Everything from the line containing "MIT's RamanOmics Uses" through the last line of the data below should be given again exactly, both end lines included and nothing more.

● **EXTRACTED ENTRIES**:
◆ ◆ ◆ ◆ ◆ ◆ ◆

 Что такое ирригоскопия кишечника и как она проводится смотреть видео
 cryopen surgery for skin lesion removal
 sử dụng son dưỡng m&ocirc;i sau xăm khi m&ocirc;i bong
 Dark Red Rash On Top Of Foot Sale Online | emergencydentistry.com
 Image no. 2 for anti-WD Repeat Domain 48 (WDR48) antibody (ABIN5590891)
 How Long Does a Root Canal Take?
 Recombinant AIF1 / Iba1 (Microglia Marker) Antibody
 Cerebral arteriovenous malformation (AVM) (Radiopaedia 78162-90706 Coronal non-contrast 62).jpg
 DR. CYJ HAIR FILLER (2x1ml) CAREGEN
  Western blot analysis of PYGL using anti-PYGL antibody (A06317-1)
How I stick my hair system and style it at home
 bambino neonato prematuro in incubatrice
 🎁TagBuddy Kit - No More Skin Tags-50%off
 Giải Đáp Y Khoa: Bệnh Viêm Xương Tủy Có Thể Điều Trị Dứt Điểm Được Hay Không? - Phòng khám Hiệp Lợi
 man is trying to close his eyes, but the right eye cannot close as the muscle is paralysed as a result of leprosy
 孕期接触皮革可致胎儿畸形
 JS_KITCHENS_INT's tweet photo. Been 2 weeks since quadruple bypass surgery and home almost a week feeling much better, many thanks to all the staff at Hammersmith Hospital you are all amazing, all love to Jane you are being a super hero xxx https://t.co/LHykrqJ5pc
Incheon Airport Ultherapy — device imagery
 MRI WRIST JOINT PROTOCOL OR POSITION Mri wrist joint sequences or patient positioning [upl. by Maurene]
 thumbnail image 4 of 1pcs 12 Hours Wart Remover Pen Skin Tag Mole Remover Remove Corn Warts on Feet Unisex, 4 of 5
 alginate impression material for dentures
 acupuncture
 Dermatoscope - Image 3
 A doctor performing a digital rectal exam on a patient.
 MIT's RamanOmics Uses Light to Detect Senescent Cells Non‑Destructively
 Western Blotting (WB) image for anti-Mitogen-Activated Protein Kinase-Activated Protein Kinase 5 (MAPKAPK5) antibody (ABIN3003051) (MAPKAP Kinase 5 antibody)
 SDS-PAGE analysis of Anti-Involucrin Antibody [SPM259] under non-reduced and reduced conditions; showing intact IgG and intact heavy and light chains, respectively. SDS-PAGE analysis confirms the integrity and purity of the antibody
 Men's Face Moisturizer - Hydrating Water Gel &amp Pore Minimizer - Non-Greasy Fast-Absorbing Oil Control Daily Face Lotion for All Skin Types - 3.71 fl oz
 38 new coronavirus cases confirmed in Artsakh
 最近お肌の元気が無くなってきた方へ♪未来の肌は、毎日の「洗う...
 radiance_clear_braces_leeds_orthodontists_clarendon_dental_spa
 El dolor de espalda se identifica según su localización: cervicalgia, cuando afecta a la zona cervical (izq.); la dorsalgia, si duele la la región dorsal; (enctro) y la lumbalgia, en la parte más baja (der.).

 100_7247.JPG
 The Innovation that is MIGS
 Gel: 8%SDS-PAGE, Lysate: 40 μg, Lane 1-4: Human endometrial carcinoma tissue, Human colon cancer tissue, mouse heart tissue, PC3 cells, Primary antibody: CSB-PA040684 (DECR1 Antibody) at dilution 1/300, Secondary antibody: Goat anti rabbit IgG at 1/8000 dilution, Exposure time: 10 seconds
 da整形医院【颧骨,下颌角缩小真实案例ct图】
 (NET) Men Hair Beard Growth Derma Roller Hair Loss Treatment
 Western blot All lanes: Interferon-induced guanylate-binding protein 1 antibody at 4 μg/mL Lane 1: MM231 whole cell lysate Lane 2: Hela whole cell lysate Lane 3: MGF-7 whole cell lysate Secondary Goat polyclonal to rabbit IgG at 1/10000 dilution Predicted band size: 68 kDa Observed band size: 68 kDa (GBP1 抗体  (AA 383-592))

◆ ◆ ◆ ◆ ◆ ◆ ◆

● **EXERCISE SOLUTION**:
 MIT's RamanOmics Uses Light to Detect Senescent Cells Non‑Destructively
 Western Blotting (WB) image for anti-Mitogen-Activated Protein Kinase-Activated Protein Kinase 5 (MAPKAPK5) antibody (ABIN3003051) (MAPKAP Kinase 5 antibody)
 SDS-PAGE analysis of Anti-Involucrin Antibody [SPM259] under non-reduced and reduced conditions; showing intact IgG and intact heavy and light chains, respectively. SDS-PAGE analysis confirms the integrity and purity of the antibody
 Men's Face Moisturizer - Hydrating Water Gel &amp Pore Minimizer - Non-Greasy Fast-Absorbing Oil Control Daily Face Lotion for All Skin Types - 3.71 fl oz
 38 new coronavirus cases confirmed in Artsakh
 最近お肌の元気が無くなってきた方へ♪未来の肌は、毎日の「洗う...
 radiance_clear_braces_leeds_orthodontists_clarendon_dental_spa
 El dolor de espalda se identifica según su localización: cervicalgia, cuando afecta a la zona cervical (izq.); la dorsalgia, si duele la la región dorsal; (enctro) y la lumbalgia, en la parte más baja (der.).

 100_7247.JPG
 The Innovation that is MIGS
 Gel: 8%SDS-PAGE, Lysate: 40 μg, Lane 1-4: Human endometrial carcinoma tissue, Human colon cancer tissue, mouse heart tissue, PC3 cells, Primary antibody: CSB-PA040684 (DECR1 Antibody) at dilution 1/300, Secondary antibody: Goat anti rabbit IgG at 1/8000 dilution, Exposure time: 10 seconds
 da整形医院【颧骨,下颌角缩小真实案例ct图】
 (NET) Men Hair Beard Growth Derma Roller Hair Loss Treatment
 Western blot All lanes: Interferon-induced guanylate-binding protein 1 antibody at 4 μg/mL Lane 1: MM231 whole cell lysate Lane 2: Hela whole cell lysate Lane 3: MGF-7 whole cell lysate Secondary Goat polyclonal to rabbit IgG at 1/10000 dilution Predicted band size: 68 kDa Observed band size: 68 kDa (GBP1 抗体  (AA 383-592))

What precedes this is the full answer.